Predictably, investors continue to focus on the ‘Big 7’. Last year, more than half of all deals were transacted in Berlin, Düsseldorf, Frankfurt, Hamburg, Cologne, Munich and Stuttgart, accounting for €46b of the total of €79b.
However, new business both in Germany and abroad remains muted, growing by just 1.1% on average last year among the 12 banks who participated in the survey. (That figure does not include raising share capital or the issuance of bonds.) Six lenders – including LBBW, Helaba and Berlin Hyp reported a rise in new business last year. Five – including pbb, Berliner Sparkasse and Aareal Bank – indicated a decrease and MünchenerHyp suggested there had been no change in new business.
‘Lending went down and is now starting to go back up, although a big chunk of the market is limited by Pfandbrief legislation,’ said Anke Herz, head of debt advisory at JLL in Germany. ‘The calculation of the mortgage lending is determined by German law. For logistics, for example, that value is 10 to 11 times the rental value. However, I know of a deal where the sale price was more than 23 times that of the rental value. That means that refinancing above the 60% hurdle of the mortgage lending value is expensive, so it makes it hard to refinance.’
The strongest growth last year was reported Deka Bank, albeit from a low level. The largest absolute volume was registered by DZ Hyp, which leads with a volume of €8.7b due to its merger with WL Bank. DZ Hyp’s financing included the purchase of the RellingHaus office complex in Essen comprising around 55,000 sqm for Aegila Capital Management, the Super 8 hotel project development and Arthotel ANA Living by GS Star in Augsburg. Deka provided financing to the Ärzteversorgung Westfalen-Lippe (ÄVWL) and Hines for the acquisition of the 45,000 sqm Olympus Campus office complex in Hamburg in the form of a forward loan.
Significant increase in loan portfolios
Loan portfolios grew by around 8% y-on-y, with all banks indicating an increase. The largest increases in loan portfolios were reported by the Hamburg Commercial Bank ( previously HSH Nordbank) and MünchenerHyp, with 17% each. Helaba still has the largest loan book, at €35.3b. Hamburg Commercial Bank’s financing included the renovation of the former Reichspost central office for the Landeskriminalamt (LKA) in Berlin, whilst MünchenerHyp financed the purchase of the Gallileo office tower in Frankfurt.

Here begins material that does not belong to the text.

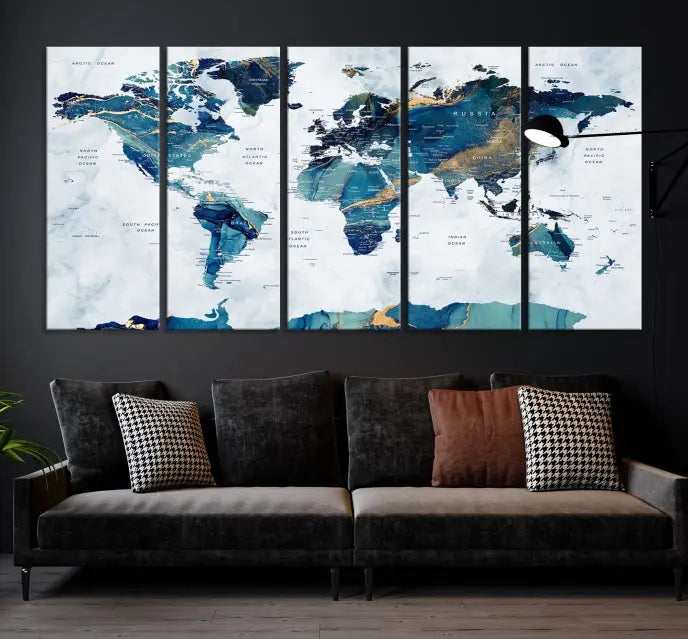 A hand-assembled, framed three-panel Watercolor World Map Wall Art Canvas Print graces the space. Ready to hang and crafted with museum-quality polycotton, this piece adds elegance to any area.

However, since the ECB ended QE in December, liquidity costs have increased, Herz warned: ‘Liquidity costs are part of the margin,’ she said. ‘In addition, more of the debt is being financed outside the cover pool.’
Nonetheless, Germany’s real estate investment market is still characterised by a high level of demand and liquidity and the deal volume this year is expected to remain high, meaning that there will still be plenty of product requiring financing. Pressure on margins remains high and could increase slightly this year, according to JLL, due to the increases in regulation which is causing uncertainties in the issuance of new loans, coupled with the view of many in the industry that we are edging towards the end of the cycle. That said, many lenders anticipate doing a similar volume of new business to last year.
‘I don’t think the global downturn will have an impact on the German lending market,’ Herz said. ‘Brexit is actually an advantage – it cements Germany’s safe haven status, although it does take away the opportunity for some German lenders to lend in the UK but many of them have pulled back anyway over the last three years.’